Возможность наличия генетических компонентов человеческого поведения нельзя исключать априори. Однако на основании широкого спектра эмпирических сопоставлений можно прийти к выводу, что даже если этот генетический компонент и существует, то он невелик и существенно уступает по значимости социальным условиям. Начнем с того, что насилие совершается не только молодыми мужчинами репродуктивного возраста. Например, наиболее распространенным типом насилия в семьях является не насилие между взрослыми сексуальными партнерами – чаще происходит насилие между родителями и детьми, проявляющееся, как правило, в виде суровых телесных наказаний, а эта форма насилия, в свою очередь, встречается реже, чем насилие между детьми (см. главу 4). Последнее не отличается особой жестокостью в силу причин, к которым мы еще обратимся – к ним, в частности, относится следующий момент: когда насилие ограничивается и регулируется посторонними (в данном случае взрослыми), оно, как правило, приобретает хронический, а не острый характер.
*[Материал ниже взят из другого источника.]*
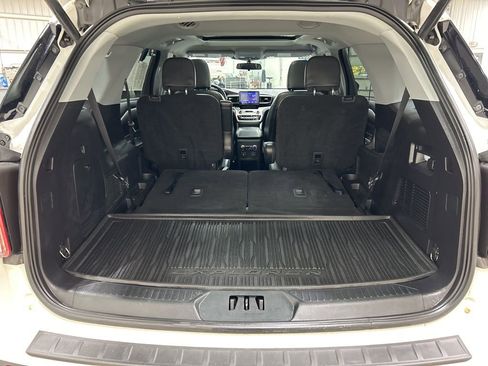 Used 2021 Ford Explorer XLT w/ Equipment Group 202A image 30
Здесь перед эволюционной теорией возникает сложная задача, ведь дети начинают проявлять драчливость в довольно раннем возрасте, причем зачастую агрессивное поведение характерно и для маленьких девочек, хотя с возрастом оно постепенно ограничивается [Tremblay 2004]. В абсолютном выражении максимальная частота случаев насилия приходится на нерепродуктивный возраст, причем их участниками не являются исключительно лица мужского пола. Возможно, эта разновидность насилия ускользает из поля зрения эволюционных психологов потому, что она не отличается особой жестокостью и не фиксируется в официальной криминальной статистике, – тем не менее, если нашей задачей является построение всеобъемлющей теории, она должна учитывать все разновидности и все уровни интенсивности насилия. Микроситуационная теория действительно неплохо справляется с включением данных, связанных с детьми. Как будет показано ниже, потасовки между маленькими детьми демонстрируют те же две закономерности, которые лежат в основе насилия среди взрослых: во-первых, ситуационно сильные участники инцидента нападают на слабых и боязливых, а во-вторых, такие драки являются инсценированными и снабжены ограничителями. Данный паттерн имеет структурный, а не индивидуальный характер: когда какие-то дети покидают группу, а вместо них появляются другие, происходит реорганизация паттерна доминирования и перераспределение ролей обидчиков и жертв [Montagner et al. 1988].
Но уязвимость эволюционной психологии обнаруживается и в том, что считается ее основным коньком, – а именно в склонности молодых мужчин к участию в серьезном насилии. Альтернативные объяснения того, почему молодые мужчины склонны к насилию, нетрудно сконструировать, исходя из социальных условий. Из всех возрастных групп именно эта группа обладает наиболее неоднозначным статусом в обществе: физическая сила и насилие выступают тем единственным ресурсом, в котором молодые мужчины имеют превосходство над другими, тогда как в части экономического положения, уважительного отношения со стороны других и наличия ресурсов организационной власти они находятся на низком уровне. Хотелось бы еще раз сделать акцент на моем микросоциологическом рефрене: эволюционная теория допускает, что насилие осуществляется легко (при условии генетической предрасположенности к нему), тогда как на самом деле совершать насилие трудно – даже молодым мужчинам. Имеющиеся у нас микросвидетельства действительно демонстрируют, что большинство попыток совершения насилия молодыми мужчинами оборачиваются неудачей.